Seemann was born in Vienna in 1893, one of the five children of a train attendant from South Moravia and a mother from Vienna. She came from a middle-class house and grew up in Vienna and in Guldenfurth, near Nikolsburg, in South Moravia. She went to school with the Ursulines and she became an elementary school teacher. As such, she was confronted with the reality of social and material hardship in the Viennese labor districts, she taught in Hernals and has lived in Meidling from 1937. She created fairy tales and other plays for children, written in the Catholic spirit to amuse and educate children.
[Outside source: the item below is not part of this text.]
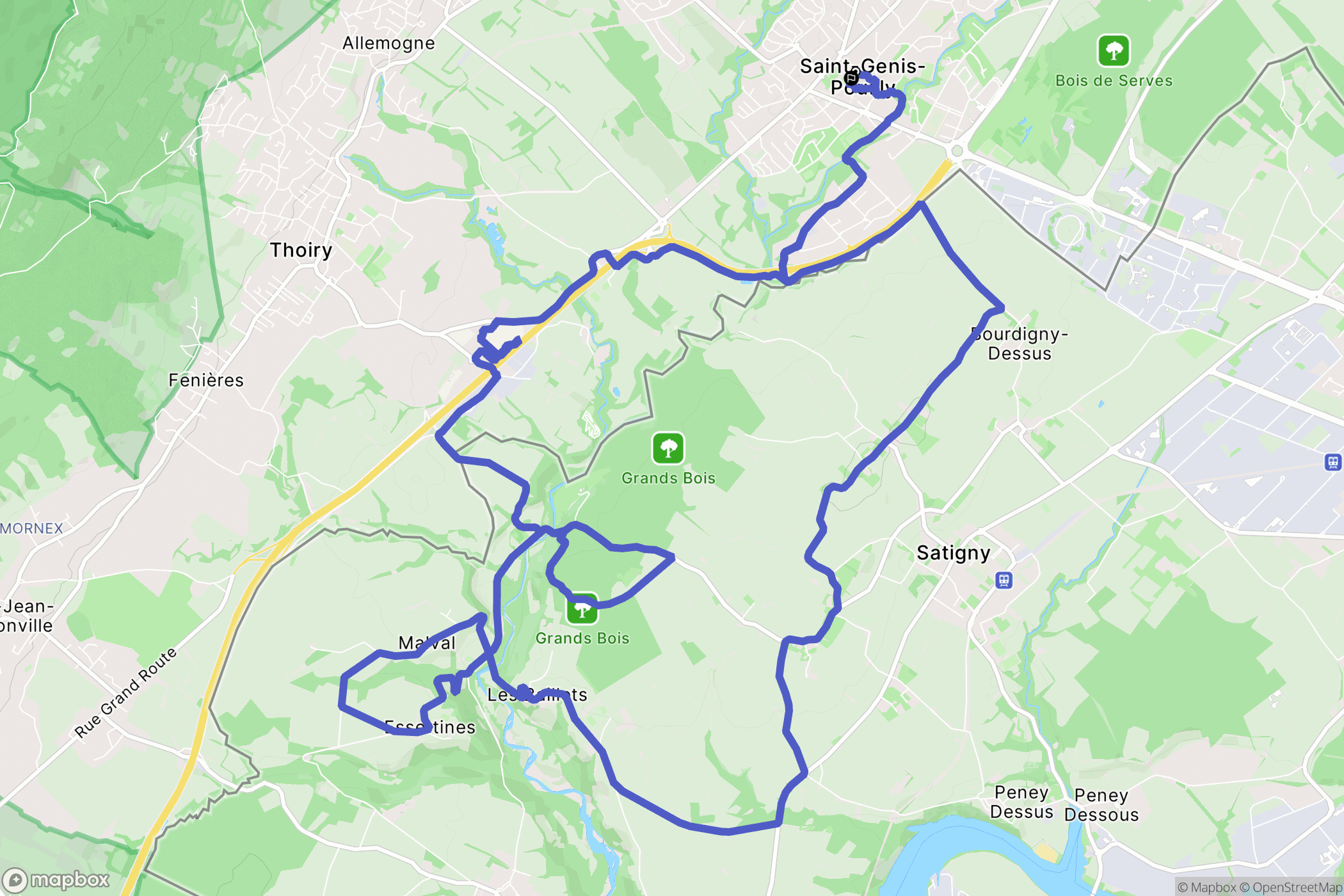 Saint-Genis-Pouilly : carte du parcours de randonnée - France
Readings from her books were very popular in the 1930s.

In December 1934, 50 of Seeman's poems were used to accompany a collection of drawings, titled Das Hummel-Buch, by Maria Innocentia Hummel and Seeman provided the poetic text. The pictures had already been published before as postcards.
based on illustrations by Maria Innocentia Hummel. The figures in the drawings inspired pottery and in 1935 the popular Hummel figurines were marketed.
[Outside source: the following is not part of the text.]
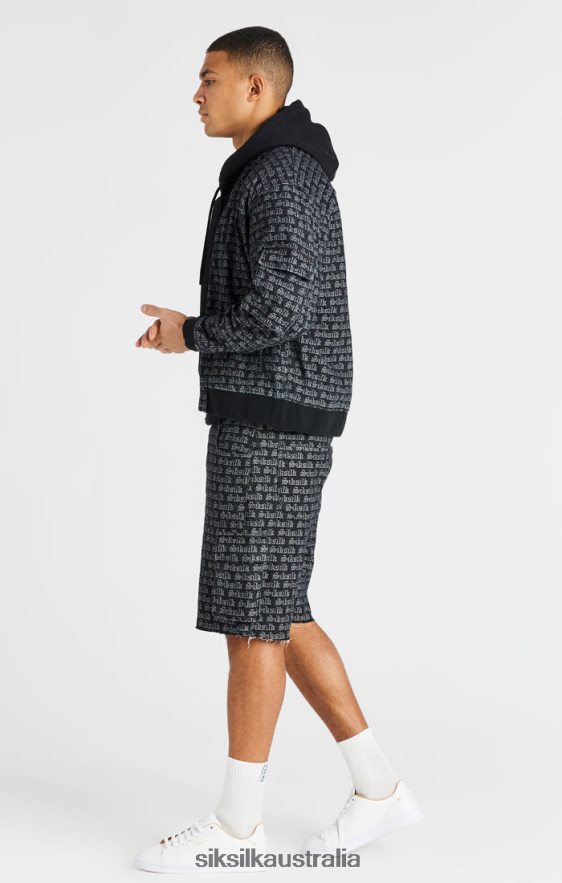 Men Apparel TB82N604 SikSilk Black Jacquard Denim Cargo Short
Her verses and stories for children have been decorated by well-known illustrators such as Ida Bohatta. Her books appeared in Catholic publishers and are still published today. Margarete Seemann developed bone cancer in 1937, from which she died in 1949 and she was buried in the Hetzendorfer cemetery, where she received an honorary grave from the city of Vienna.

Margarete Seemann used the nom de plume of "Margmann". She was called the "poet of the mothers" and the "Austrian Selma Lagerlöf". Sixty of her poems were set to music by various composers and her books were translated into seven languages. In addition to her children's books, she published poems and aphorisms.

Seemann died in Vienna in 1949, aged 55.